Grains firm into the final full trading session ahead of Thanksgiving Day.
This morning’s grain trade is firmer across the board with corn breaking out of recent congestion. The grain trade is slowly following the seasonal tendency to rally from Monday into Thanksgiving. Small that it may be, it’s still a rally.
Most of today’s action will likely revolve around month-end positioning, with many traders stepping aside for the rest of the week. Expect Friday’s session to be thin but potentially volatile, as it marks both a shortened post-holiday trade and first notice day for December contracts.
Trading hours: normal today, no night session trading tonight or Thursday night, closed Thursday, then open Friday from 8:30 AM to 12:05 PM CT. Friday is first notice day and current December registrations: 80 corn, 34 SRW wheat, 176 HRW wheat.
Fresh news remains limited with little change from yesterday. Markets continue watching US-China trade headlines and South American weather. Purchase announcements for Chinese beans could occur on Friday, with markets closed on Thursday. China continues to operate as they did not acknowledge our holiday. Meanwhile, a major Midwest winter storm is set to tighten already firm cash markets even further.
Live and feeder cattle trading yesterday presented another standard $10 died 00 trading range for January feeders, with live cattle closing slightly lower. The bigger picture of the Lexington, Nebraska, plant closing is that plant utilization is at 80% and will likely grow to 90% as we eventually see another plant close.
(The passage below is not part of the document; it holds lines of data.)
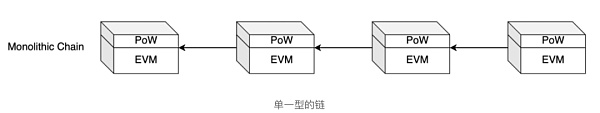 ETH上半年开发重心：前有上海 后有坎昆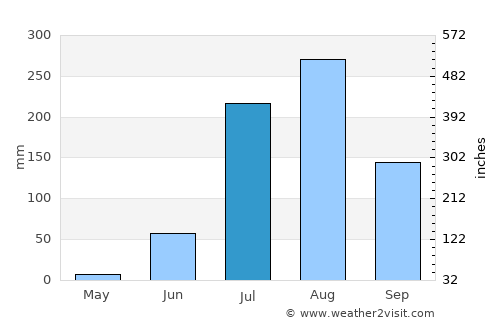 Bhind average rain in July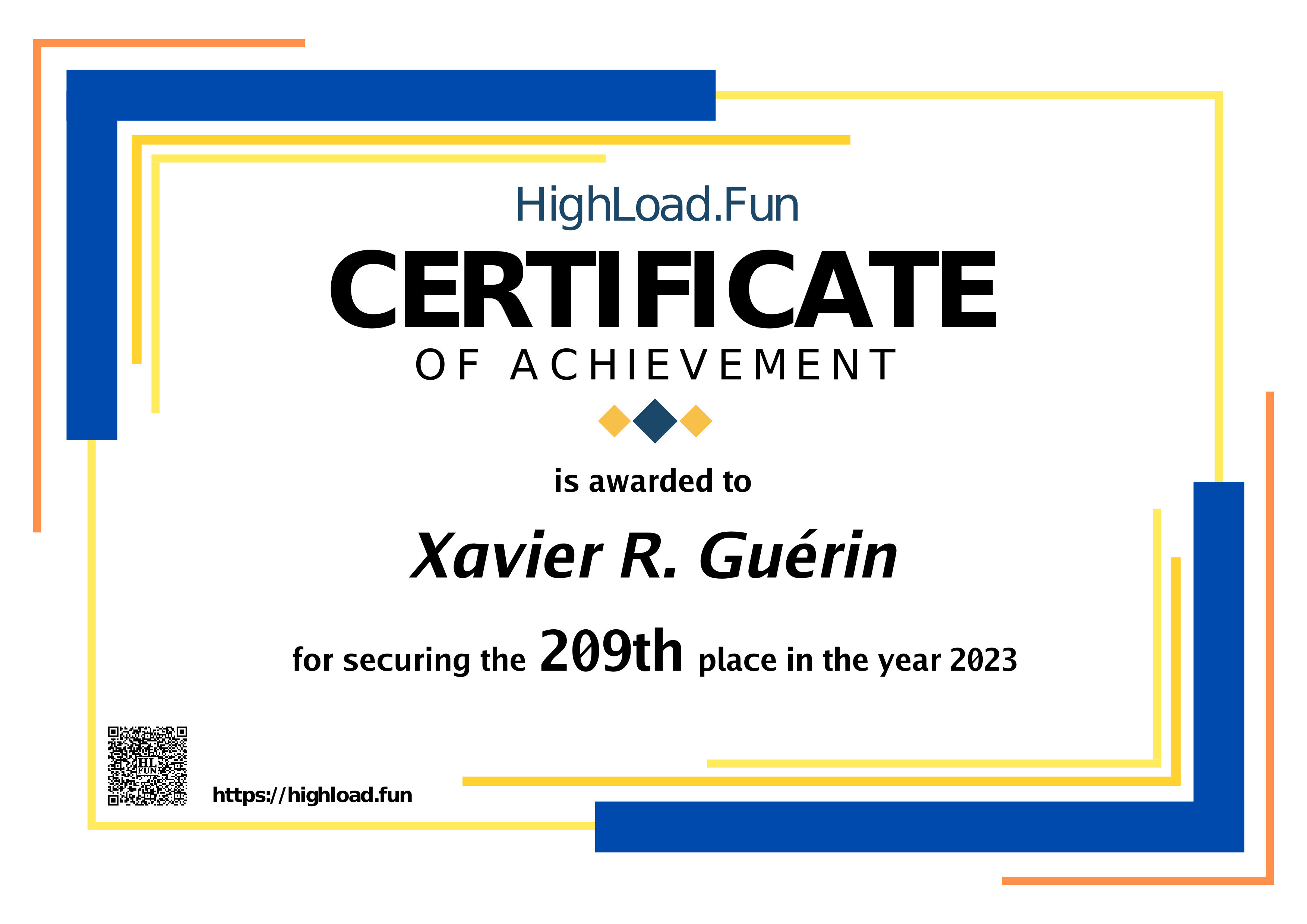 Certificate 2023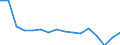 Statistische Systematik der Wirtschaftszweige in der Europäischen Gemeinschaft (NACE Rev. 2): Insgesamt - alle NACE-Wirtschaftszweige / Erwerbstätigkeits- und Beschäftigungsstatus: Erwerbstätige / Arbeitszeit: Insgesamt / Altersklasse: 15 bis 24 Jahre / Geschlecht: Männer / Maßeinheit: Stunde / Geopolitische Meldeeinheit: Island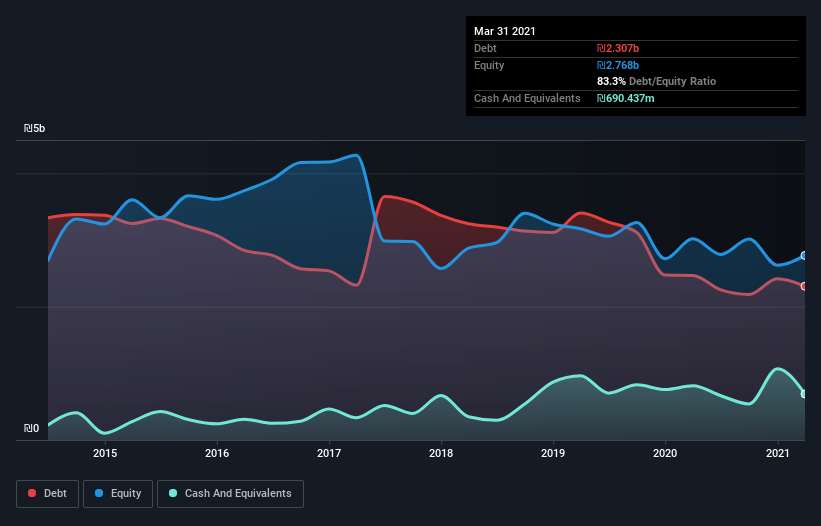 debt-equity-history-analysis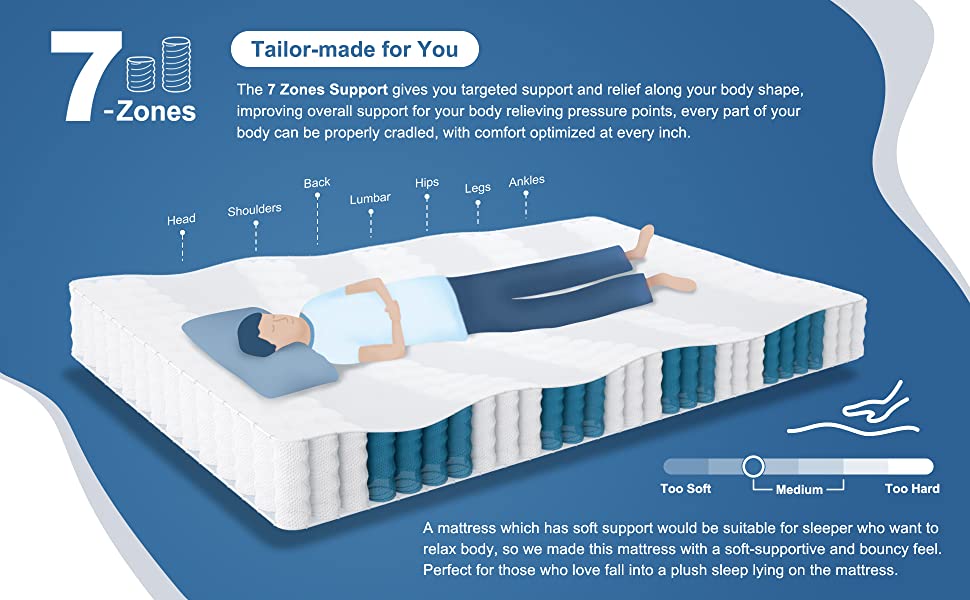 HomyLink Pocket Spring Mattress-GILIA 02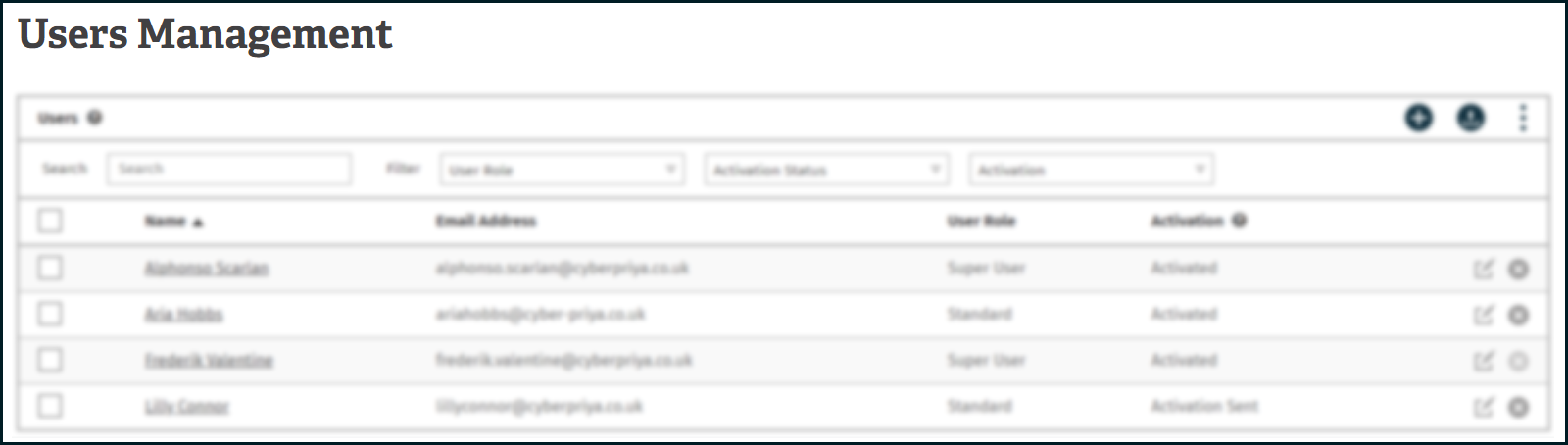 Image to show the user management table.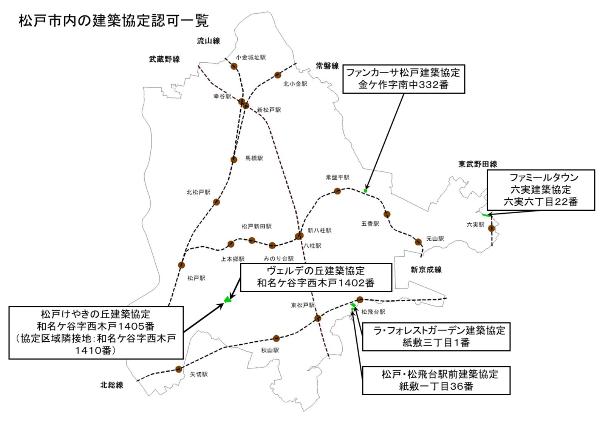 建築協定区域の地図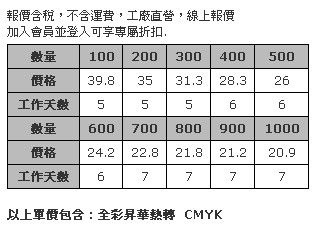 全彩插扣款 1.5公分寬高速帶 Logo 商標熱昇華 頸掛式識別證帶-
The cash feeder index is off $4.41 at $331.97 and is still substantially above the January feeder cattle contract. Negotiated cash cattle trade got underway yesterday with feedlots in the north seeing Iowa down $ $8 at $216. Nebraska was quoted at $209-210, $7-8 lower than the previous price. The South is quoted at $220 with no sales yet. Yesterday, the box beef had a choice off $0.40, and the select picked up $0.40.
Look for February cattle to find support in the 204-206 range, while January feeder cattle have found stability near 300. Upside potential for a recovery exists into the end of the year, with significant discounts to the cash trade being supportive.